A day before Yucatan’s ban on alcohol sales was about to end, legislators Thursday night extended the “ley seca” through May 15.
The move surprises almost no one since the governor has hinted broadly on social media that there is no real end-date to the dry law, meant to discourage tourists and stem domestic violence during the coronavirus crisis.
Lawmakers pushed through a ” special edition” of the Official State Gazette, Decree 213/2020, to modify the timeframe for the ban of all alcohol sales in Yucatan. It is likely to be extended again once the new deadline comes along, unless infection rates drop dramatically.
As many as 36 new infections have been reported daily, and no fewer than 22 in the last week. On Wednesday, 25 new coronavirus cases were announced.
This is a “health prevention measure in the face of the state of emergency declared by the affectation of the pandemic by Covid-19,” states the decree.
The dry law, originally set to end tonight at midnight, not only enraged social drinkers. Unintended consequences have come from cutting off clinical alcoholics from beer and liquor, only increasing tension and violence in some households, said Fabiola García Magaña, director of the Women’s Institute of Mérida, which helps shelter domestic violence victims.
It has also spurred break-ins where liquor is stored as well as clandestine alcohol sales where a 20-peso can of Tecate Lights sells for nine times that amount.
“Anyone who likes drinking will get it even if it is expensive,” commented one local man in response to the news story when it broke.
But municipal officials have also reported that overall, the dry law has quieted their communities.
Various mayors issued a joint statement declaring that 911 calls and traffic accidents have decreased significantly, in some case by half.
The mayors of towns that include Yaxcabá, Tixkoko and Ticul cited a State Center for Public Security Information report showing the violence against women has been reduced by an average of 42.6% and suicide attempts have decreased 53.5%.
“Indeed, the rate of violence has been lowered because there are no longer people who come home intoxicated.
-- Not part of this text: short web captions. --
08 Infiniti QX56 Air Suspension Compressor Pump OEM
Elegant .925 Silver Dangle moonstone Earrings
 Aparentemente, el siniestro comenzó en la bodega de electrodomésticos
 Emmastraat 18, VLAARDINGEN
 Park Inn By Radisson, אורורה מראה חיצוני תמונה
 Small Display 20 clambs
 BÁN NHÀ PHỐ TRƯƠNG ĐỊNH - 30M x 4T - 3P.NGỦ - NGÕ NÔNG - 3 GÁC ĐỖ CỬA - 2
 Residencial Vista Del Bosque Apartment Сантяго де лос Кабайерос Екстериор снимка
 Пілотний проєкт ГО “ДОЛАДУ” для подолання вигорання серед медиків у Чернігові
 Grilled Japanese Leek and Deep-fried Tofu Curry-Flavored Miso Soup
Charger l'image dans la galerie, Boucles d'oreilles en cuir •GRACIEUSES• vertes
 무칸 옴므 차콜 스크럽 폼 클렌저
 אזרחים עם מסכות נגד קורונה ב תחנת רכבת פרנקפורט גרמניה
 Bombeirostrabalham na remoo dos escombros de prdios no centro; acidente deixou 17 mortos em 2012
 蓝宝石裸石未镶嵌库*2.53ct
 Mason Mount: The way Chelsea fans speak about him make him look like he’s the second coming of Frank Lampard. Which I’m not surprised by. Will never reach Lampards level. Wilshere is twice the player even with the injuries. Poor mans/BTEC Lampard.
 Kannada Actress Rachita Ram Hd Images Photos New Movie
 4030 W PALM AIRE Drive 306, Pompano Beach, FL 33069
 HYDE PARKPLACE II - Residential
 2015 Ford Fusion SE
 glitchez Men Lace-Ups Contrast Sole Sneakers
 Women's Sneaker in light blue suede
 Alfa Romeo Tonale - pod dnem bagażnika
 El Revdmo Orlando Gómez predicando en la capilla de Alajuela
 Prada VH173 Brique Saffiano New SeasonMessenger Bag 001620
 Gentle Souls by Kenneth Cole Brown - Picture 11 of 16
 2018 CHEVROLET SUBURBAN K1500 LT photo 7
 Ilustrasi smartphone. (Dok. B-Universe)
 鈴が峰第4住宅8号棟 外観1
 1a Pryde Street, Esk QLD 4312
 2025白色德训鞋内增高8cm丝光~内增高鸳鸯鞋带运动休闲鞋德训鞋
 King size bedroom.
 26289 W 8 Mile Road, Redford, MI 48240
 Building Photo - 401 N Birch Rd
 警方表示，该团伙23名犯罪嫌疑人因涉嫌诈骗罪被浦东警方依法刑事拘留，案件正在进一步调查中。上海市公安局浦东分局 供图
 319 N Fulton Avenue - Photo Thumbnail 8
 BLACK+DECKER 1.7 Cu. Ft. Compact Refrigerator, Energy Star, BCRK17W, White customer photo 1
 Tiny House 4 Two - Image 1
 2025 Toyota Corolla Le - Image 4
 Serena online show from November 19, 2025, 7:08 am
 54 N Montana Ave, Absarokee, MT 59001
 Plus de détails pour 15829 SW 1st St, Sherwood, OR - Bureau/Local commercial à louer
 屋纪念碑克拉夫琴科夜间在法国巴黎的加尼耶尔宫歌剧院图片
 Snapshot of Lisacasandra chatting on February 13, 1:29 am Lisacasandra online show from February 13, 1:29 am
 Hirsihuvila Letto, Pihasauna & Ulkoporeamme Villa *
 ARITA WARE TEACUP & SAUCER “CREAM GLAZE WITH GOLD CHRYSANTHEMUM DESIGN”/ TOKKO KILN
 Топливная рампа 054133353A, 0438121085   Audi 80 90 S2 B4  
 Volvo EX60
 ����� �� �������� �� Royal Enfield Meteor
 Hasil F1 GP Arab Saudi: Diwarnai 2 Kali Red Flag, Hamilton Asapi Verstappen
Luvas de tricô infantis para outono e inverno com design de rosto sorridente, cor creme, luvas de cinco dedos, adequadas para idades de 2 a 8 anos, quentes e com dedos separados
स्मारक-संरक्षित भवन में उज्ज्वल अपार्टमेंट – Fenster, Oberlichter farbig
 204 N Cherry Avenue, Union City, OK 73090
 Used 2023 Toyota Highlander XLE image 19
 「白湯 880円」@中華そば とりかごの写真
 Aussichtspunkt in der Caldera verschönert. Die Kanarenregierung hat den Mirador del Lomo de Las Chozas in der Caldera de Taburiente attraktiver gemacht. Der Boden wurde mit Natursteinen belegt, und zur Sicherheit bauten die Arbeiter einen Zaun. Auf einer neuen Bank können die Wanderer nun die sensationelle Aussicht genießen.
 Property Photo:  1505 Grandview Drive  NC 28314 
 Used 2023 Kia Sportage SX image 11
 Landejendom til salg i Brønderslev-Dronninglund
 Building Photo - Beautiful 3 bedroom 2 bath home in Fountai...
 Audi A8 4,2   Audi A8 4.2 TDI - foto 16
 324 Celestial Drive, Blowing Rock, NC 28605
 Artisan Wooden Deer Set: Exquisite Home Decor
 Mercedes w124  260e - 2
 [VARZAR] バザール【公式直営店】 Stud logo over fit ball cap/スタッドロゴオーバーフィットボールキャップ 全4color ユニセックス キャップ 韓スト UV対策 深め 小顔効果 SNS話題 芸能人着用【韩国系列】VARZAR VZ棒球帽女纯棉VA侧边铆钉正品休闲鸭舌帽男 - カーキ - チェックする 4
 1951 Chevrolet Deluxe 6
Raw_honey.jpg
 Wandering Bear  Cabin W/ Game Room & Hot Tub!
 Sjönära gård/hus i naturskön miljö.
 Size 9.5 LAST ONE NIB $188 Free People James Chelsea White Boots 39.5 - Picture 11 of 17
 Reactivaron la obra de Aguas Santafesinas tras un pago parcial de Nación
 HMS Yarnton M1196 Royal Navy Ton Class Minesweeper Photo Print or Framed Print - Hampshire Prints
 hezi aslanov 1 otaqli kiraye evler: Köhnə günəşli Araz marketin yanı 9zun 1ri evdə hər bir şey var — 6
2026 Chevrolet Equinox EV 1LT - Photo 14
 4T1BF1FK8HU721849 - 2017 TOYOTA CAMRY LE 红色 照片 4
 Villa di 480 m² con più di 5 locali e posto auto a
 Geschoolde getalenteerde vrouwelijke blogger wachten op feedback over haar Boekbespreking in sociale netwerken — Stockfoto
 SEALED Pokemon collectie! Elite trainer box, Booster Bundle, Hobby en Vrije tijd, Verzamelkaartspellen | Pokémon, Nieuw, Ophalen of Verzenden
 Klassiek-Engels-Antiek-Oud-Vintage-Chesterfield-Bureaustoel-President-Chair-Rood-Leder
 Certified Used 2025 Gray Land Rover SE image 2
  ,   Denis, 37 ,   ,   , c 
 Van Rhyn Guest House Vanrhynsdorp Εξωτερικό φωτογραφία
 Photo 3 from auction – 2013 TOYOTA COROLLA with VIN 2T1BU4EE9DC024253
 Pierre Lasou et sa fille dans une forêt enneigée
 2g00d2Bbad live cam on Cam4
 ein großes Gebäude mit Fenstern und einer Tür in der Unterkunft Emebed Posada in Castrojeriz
When there is no sale of alcoholic beverages, the person does not have access to them and, therefore, no longer comes to the house to create disorder. Wives do not like her husband to drink, especially when he shows antisocial attitudes, ” said Yaxcabá Mayor Samson Israel Palma Santos.
News spread quickly on social media and the expat community appeared aghast.
“Cinco de Mayo without booze,” lamented one.
“He lied to us when he said April 30th,” said another. “Maybe he is after the ‘bootlegger and those selling moonshine’ vote. The affluent will still have to go to bootleggers while the poor have to go to those selling dangerous moonshine.”